_Work instructions_
From the first line of the material through the line that holds "Musk: Αφήνει ανοιχτό", repeat each line exactly and skip any picture.

--

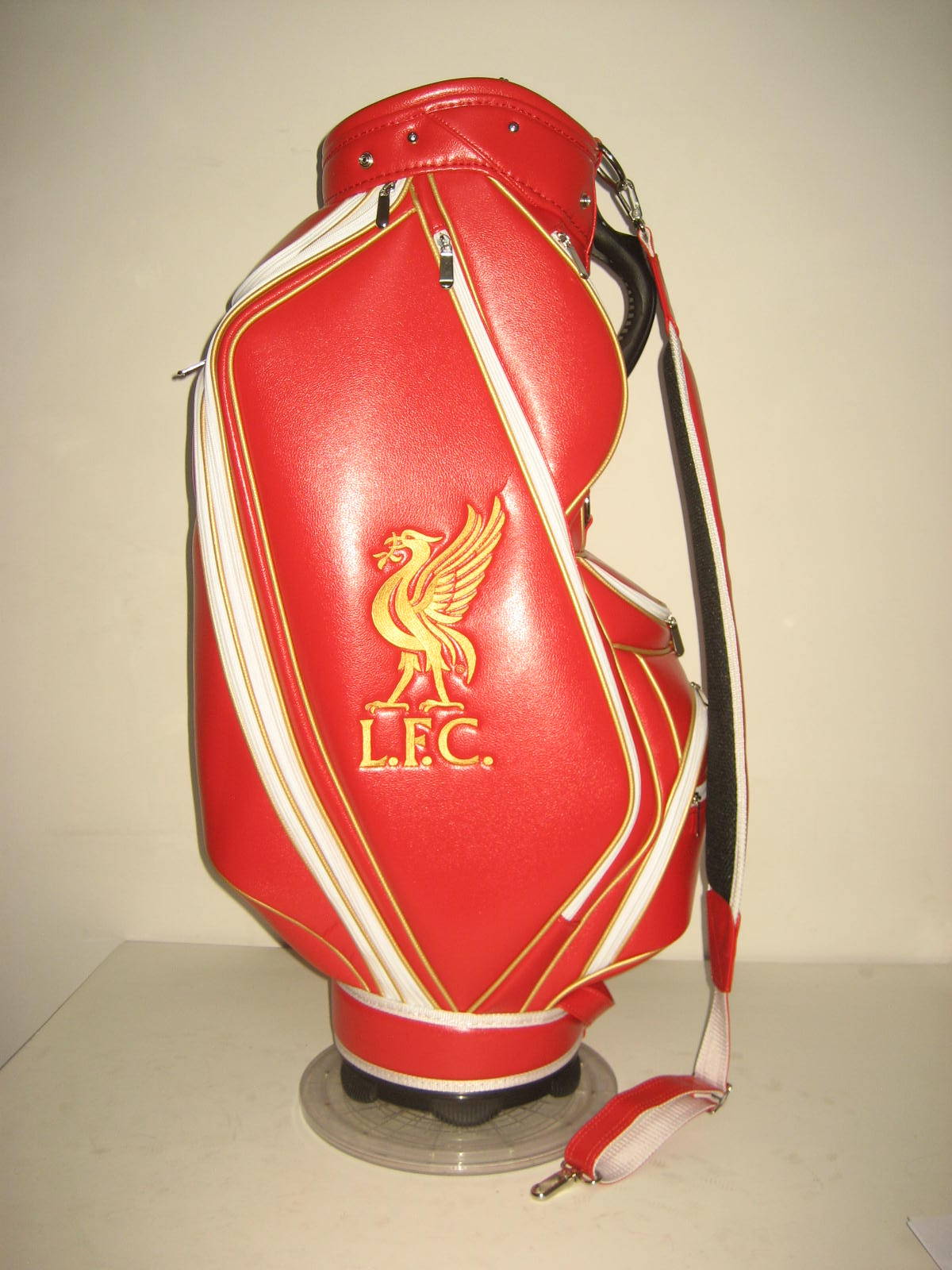 Customised football club golf bags by Golf Custom Bags 2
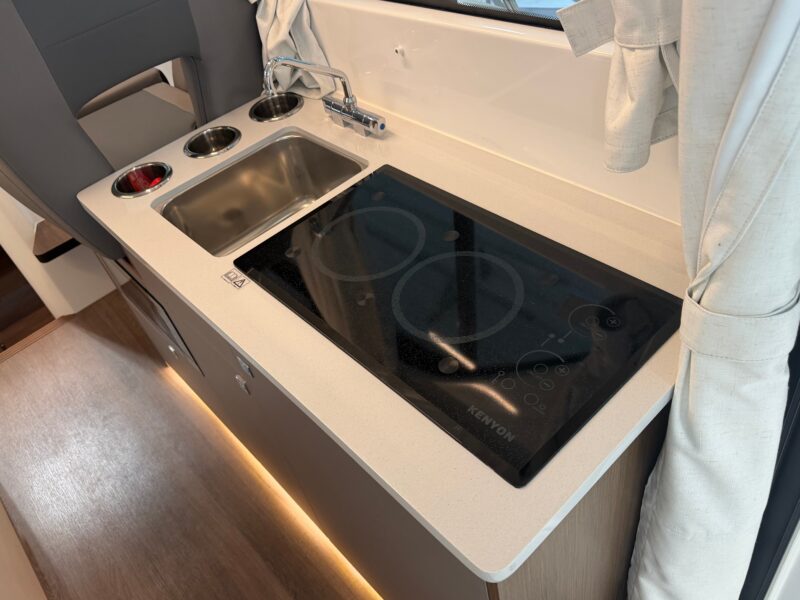 2026 Beneteau Antares 9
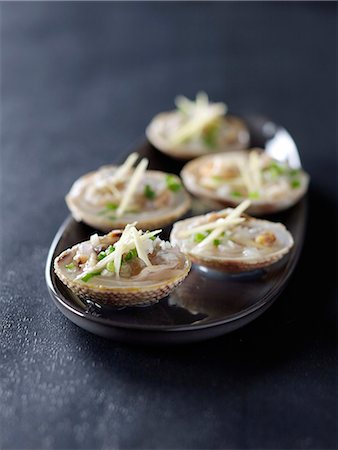 simsearch:825-05815241,k - Dog cockle shellfish marinated with ginger and chives Stock Photo - Rights-Managed, Code: 825-07652808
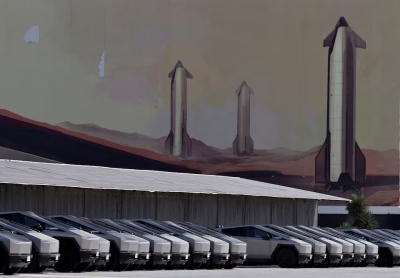 Musk: Αφήνει ανοιχτό το ενδεχόμενο συγχώνευσης Tesla και SpaceX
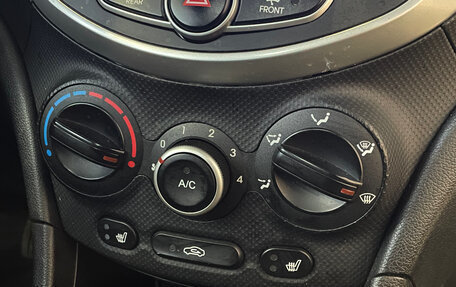 Hyundai Solaris II рестайлинг, 2012 год, 729 000 рублей, 13 фотография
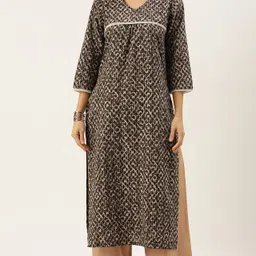 Fourleaf Women Ethnic Motifs Printed Regular Pure Cotton Kurta with Trousers-picture-38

--

_Answer below_
 Customised football club golf bags by Golf Custom Bags 2
 2026 Beneteau Antares 9
 simsearch:825-05815241,k - Dog cockle shellfish marinated with ginger and chives Stock Photo - Rights-Managed, Code: 825-07652808
 Musk: Αφήνει ανοιχτό το ενδεχόμενο συγχώνευσης Tesla και SpaceX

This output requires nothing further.